ステップS34で、メッシュAの次の節点a(N+1)のデータの授受先であるメッシュBの節点b(W)を検索・抽出する。なお、Wも節点番号を示す整数である。

0050

ステップS35で、節点b(W)にデータが既に保存されているかを判断する。節点b(W)にデータが保存されていないとき、ステップS36に進み、ステップS32と同様に、メッシュAの節点a(N+1)に保存されているデータを、抽出されたメッシュBの節点b(W)に一旦保存する。

0051

ステップS35で、節点b(W)に先行するデータが既に保存されていたとき、ステップS37に進み、データの授受元である節点a(N+1)と、データの授受先である各節点b(W)との間の距離を計算する。

0052

ステップS38で、節点b(M)の付属データとして節点b(W)に既に保存されている距離と、新たに算出された節点a(N+1)と節点b(W)の間の距離とを比較する。前者の距離より、後者の距離が小さくないとき、ステップS39に進み、節点b(W)の情報を変更せずに保持(維持)する。
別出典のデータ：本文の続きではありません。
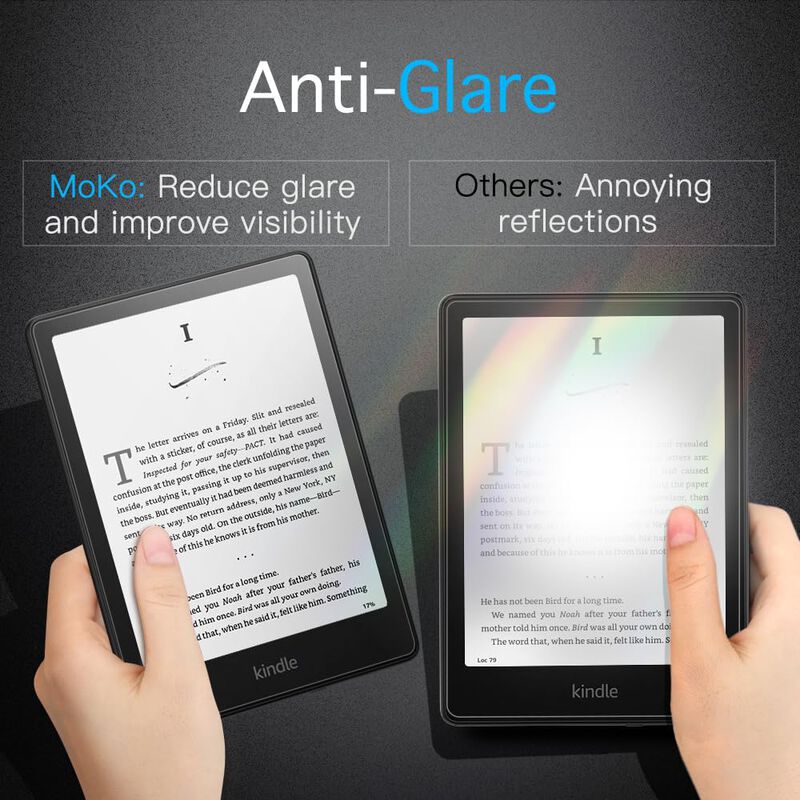 Protector De Pantalla Moko Para Kindle Paperwhi... image number null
つまり、節点a(N+1)から節点b(W)へのデータ授受や付属データの更新等は行わない。

0053

ステップS38で、前者の距離より後者の距離が小さいとき、ステップS40に進み、メッシュAの節点a(N+1)に保存されているデータを、メッシュBの節点b(W)に上書き保存する(授受ステップの一例)。

0054

ステップS41で、節点a(N+1)と節点b(W)との間の距離を、節点b(W)の付属データとして、上書き保存(更新)する。

0055

ステップS42により、ステップS34〜ステップS41までの各操作を、メッシュAの全ての節点a(N+1)について完了するまで繰り返し行う。

0056

このような処理により、メッシュAから別のメッシュBへのデータ授受が、短時間内に完了される。

0057

《測定》
異なるメッシュ間で、解析結果(データ)の受渡しを行ったときの処理時間を実際に計測した。具体的には、図4A図4Bに示したフローチャートを、プログラム言語FORTRAN)で組み込んだ自作プログラムを実行したときの処理時間を計測した。メッシュAは、節点数:59,933、要素数:241,468とした。メッシュBは、節点数:49,171、要素数:161,976とした。メッシュBは、同一ソフトウェア内で、メッシュAをリメッシュして生成された。データの授受は、メッシュAの節点とメッシュBの節点との間で行った。

実施例

0058

従来の方法(全検索)で処理したときの所要時間は40分間であった。一方、図4Bに示した厳密処理を行ったときでも、その所要時間は3分間であり、従来の約1/14にまで短縮された。この結果からも明らかなように、本発明のデータ授受方法によれば、異なるメッシュ間におけるデータ授受に要する所要時間を大幅に短縮できることが明らかとなった。